My family and I left Phnom Penh in 1983 and lived at Cambodian-Thai border camps. We lived with guerilla forces who were still trying to fight against the Vietnamese and what they called a Puppet Regime in Phnom Penh. We were further indoctrinated to hate the Youn and the bogus government that was taking whatever remained of our country. In 1985, my father was arrested and killed by the Thai authorities. I found myself hating the Youn but co-operating with the Siam who had killed my father because they were helping the refugees at the same time with support from UNHCR. 

In 1987 I left Thailand and arrived in New York City’s Bronx district. It was a big cultural shock for me as I swapped the forests of southeast Asia for one of the world’s most densely populated urban jungles. It took me several years to get used to my new life. Beneath my apartment violent crime and drug dealing were rife. Every day I would hear about someone getting shot in my block or the next. 

I studied at the Theodore Roosevelt High School, where we would have to pass through a metal detector before going to class. Fights would constantly erupt at break times. I often felt I had escaped a war in Cambodia, only to have to deal with another one in the Bronx. 

At first I had both black and white friends at school and around the neighbourhood. But as the violence between different gangs increased, people began to stick to their own kind. The blacks, whites, Hispanics and – I began to notice – Asians(Vietnamese, Cambodian, Laotian, Thai and Chinese) were starting to hang out with each other for protection against other ethnic groups. 

In early 1990, I moved from New York to Lowell, MA. I was still in high school. Lowell, MA is one of many cities and towns in the US that have a diverse culture and many ethnic groups. I played volleyball with teammates from Laos, Vietnam, Thailand, Europe and Africa. 

While in high school I was part of the New Horizon Program, which helped with studying and organised summer employment. I met some of my best friends from Southeast Asia through the programme. Throughout my academic career there were so many teachers, counsellors and administrators who encouraged me to continue my studies and pursue my own version of the American Dream. Many of these special individuals were Vietnamese, Thai and Laotian. When I was doing my doctoral degree in Fresno, CA, I got to know more people from Laos, Thailand and Vietnam. We became close friends. We hung out together every day. We went to the movies, played poker, visited temples and played sport. We became brothers. I couldn’t speak Thai or Vietnamese but English became our common language. 
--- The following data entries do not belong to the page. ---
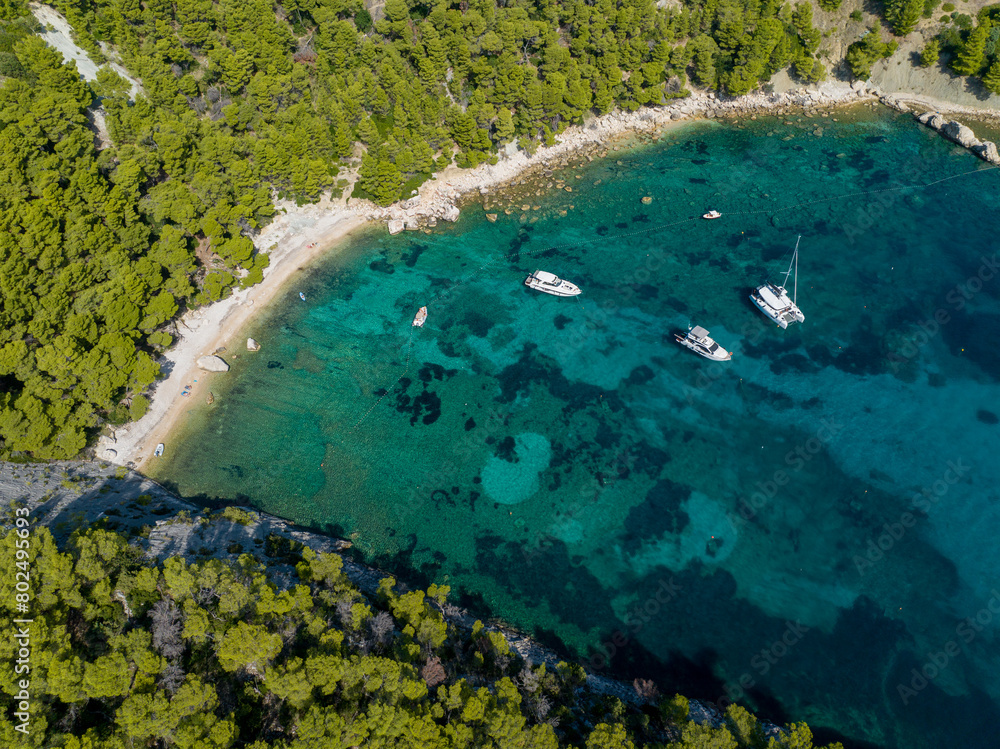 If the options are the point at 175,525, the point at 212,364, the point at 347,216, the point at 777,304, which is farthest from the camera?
the point at 347,216

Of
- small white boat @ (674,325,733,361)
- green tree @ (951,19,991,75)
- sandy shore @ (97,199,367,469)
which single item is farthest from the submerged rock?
sandy shore @ (97,199,367,469)

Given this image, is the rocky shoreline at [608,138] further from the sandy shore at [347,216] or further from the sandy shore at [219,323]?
the sandy shore at [219,323]

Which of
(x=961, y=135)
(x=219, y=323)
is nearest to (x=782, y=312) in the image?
(x=961, y=135)

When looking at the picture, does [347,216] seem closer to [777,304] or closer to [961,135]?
[777,304]

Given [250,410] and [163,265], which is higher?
[163,265]

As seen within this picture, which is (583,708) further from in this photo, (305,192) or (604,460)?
(305,192)

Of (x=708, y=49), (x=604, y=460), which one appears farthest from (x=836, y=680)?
(x=708, y=49) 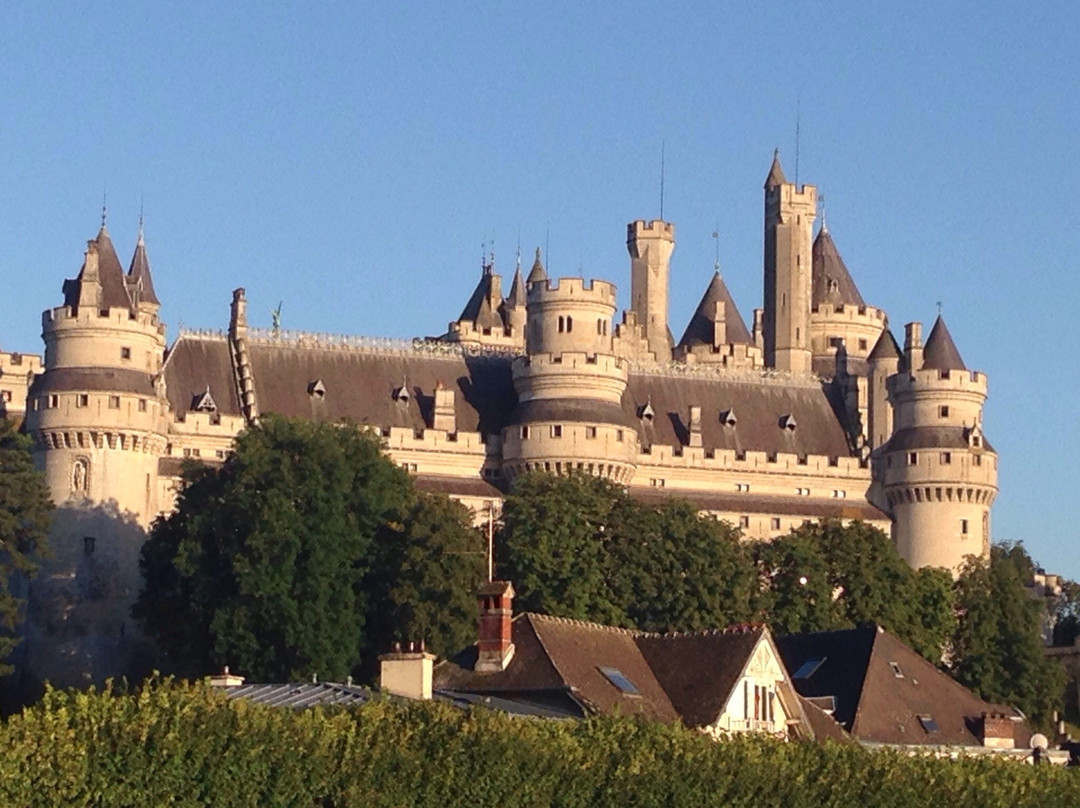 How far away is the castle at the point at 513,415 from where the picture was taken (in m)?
111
They looked like the people who killed my father but they were anything but my enemy. We would discuss our histories and could agree to disagree. I knew they were not responsible for what happened in the past. They didn’t perpetrate atrocities against my people. 

Any remaining animosity between Cambodia and Vietnam and Thailand is mostly linked to the past. In many instances, issues and conflicts among the three are the results of politics. In the same way that common folk of many Middle Eastern countries don’t hate the American people, just American foreign policy. I believe the recent incursions into Cambodian territory that led to conflict and bloodshed were not caused by the hatred of the Thai people, just the political situation in Thailand. Most Thais and Cambodians are simply interested in making trade not war. The Thais, Vietnamese and Cambodians share similar aspirations to make their lives better and achieve their goals. They have more things in common than differences. We all want the same from life. We all want to live in peace and freedom. We all want prosperity for our children and grandchildren. 
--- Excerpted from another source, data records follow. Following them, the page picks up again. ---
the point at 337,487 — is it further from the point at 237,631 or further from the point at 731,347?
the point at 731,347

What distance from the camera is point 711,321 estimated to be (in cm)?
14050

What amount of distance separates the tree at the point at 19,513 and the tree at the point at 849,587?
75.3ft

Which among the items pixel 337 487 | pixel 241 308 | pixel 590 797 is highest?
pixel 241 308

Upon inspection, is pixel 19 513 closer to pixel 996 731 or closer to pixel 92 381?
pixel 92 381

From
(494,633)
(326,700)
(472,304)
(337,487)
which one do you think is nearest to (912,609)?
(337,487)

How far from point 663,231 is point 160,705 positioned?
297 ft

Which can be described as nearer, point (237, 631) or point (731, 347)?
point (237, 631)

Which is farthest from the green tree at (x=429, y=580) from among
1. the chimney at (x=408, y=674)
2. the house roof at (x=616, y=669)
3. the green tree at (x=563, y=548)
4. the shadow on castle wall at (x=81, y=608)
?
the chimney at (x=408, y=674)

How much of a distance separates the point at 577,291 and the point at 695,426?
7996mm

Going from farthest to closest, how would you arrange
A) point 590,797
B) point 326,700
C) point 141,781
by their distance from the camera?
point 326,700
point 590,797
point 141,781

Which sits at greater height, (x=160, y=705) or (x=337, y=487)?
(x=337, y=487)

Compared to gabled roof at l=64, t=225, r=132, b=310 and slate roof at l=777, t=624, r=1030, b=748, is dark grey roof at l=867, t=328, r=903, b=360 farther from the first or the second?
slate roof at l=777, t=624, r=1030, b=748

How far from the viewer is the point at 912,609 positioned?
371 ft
Discrimination and stereotyping are usually caused by a lack  of understanding and communication. A culture, a religion, an ethnic group or a nation hates another because they don’t understand them. This brings a hatred that is based on fear – fear of the unknown. If we look back through our regional history we know that the Thais share the same bloodlines as Cambodians, just as Cambodians share 40% of their bloodlines with Indians. Khmer culture is inspired by Hinduism and Buddhism. Thai culture owes much to Cambodian influence dating back to the time of the Angkor empire. 

When the Khmer Rouge invaded Vietnam during the late 1970s many of the people they slaughtered were Khmer Krom – ethnic Khmers. Today, many of the Thais along the border are ethnic Khmer Surin. We are all essentially brothers. Getting along with our neighbours is not only natural for us, it’s essential. As the Prime Minister of Cambodia said recently with regard to the Cambodian border issue with Thailand: “We cannot dig out the land and move it somewhere else. As long as we are neighbours with Thailand we all need to find the way to get along.” 

Professionally, I have worked with people from all over the world. As long as we communicate properly, seek understanding and offer tolerance we can solve any problems or misunderstandings. I certainly believe that Cambodians, Thais and the Vietnamese can become good friends and neighbours when we apply the golden rule of treating others with the respect with which we would want to be treated. 

Dr Sathya Pholy, 38 is a social scientist, psychologist and scholar in education, mental health and addiction. He has a PhD in educational psychology and a masters degree in counselling psychology. He has been a certified alcohol and drug-abuse counsellor (CADAC) since 2001 – he was the first certified Cambodian drug counsellor. Dr Pholy has taught extensively in the American educational system from K-12 to university level. He travels extensively for national and international workshops and conferences regarding contemporary social issues as a speaker and presenter. In addition to his employment with Vision Fund he works as a technical advisor/consultant in education, psychology and addiction for NGOs and the government sector. He is also technical advisor for Friends-International and its partners/affiliates. He has served as associate dean in the College of Social Sciences and as dean of graduate programmes in private tertiary institutions. He is also a guest speaker on contemporary issues on Beehive 105 FM, Love FM 97.5 and Family Radio 99.5 FM.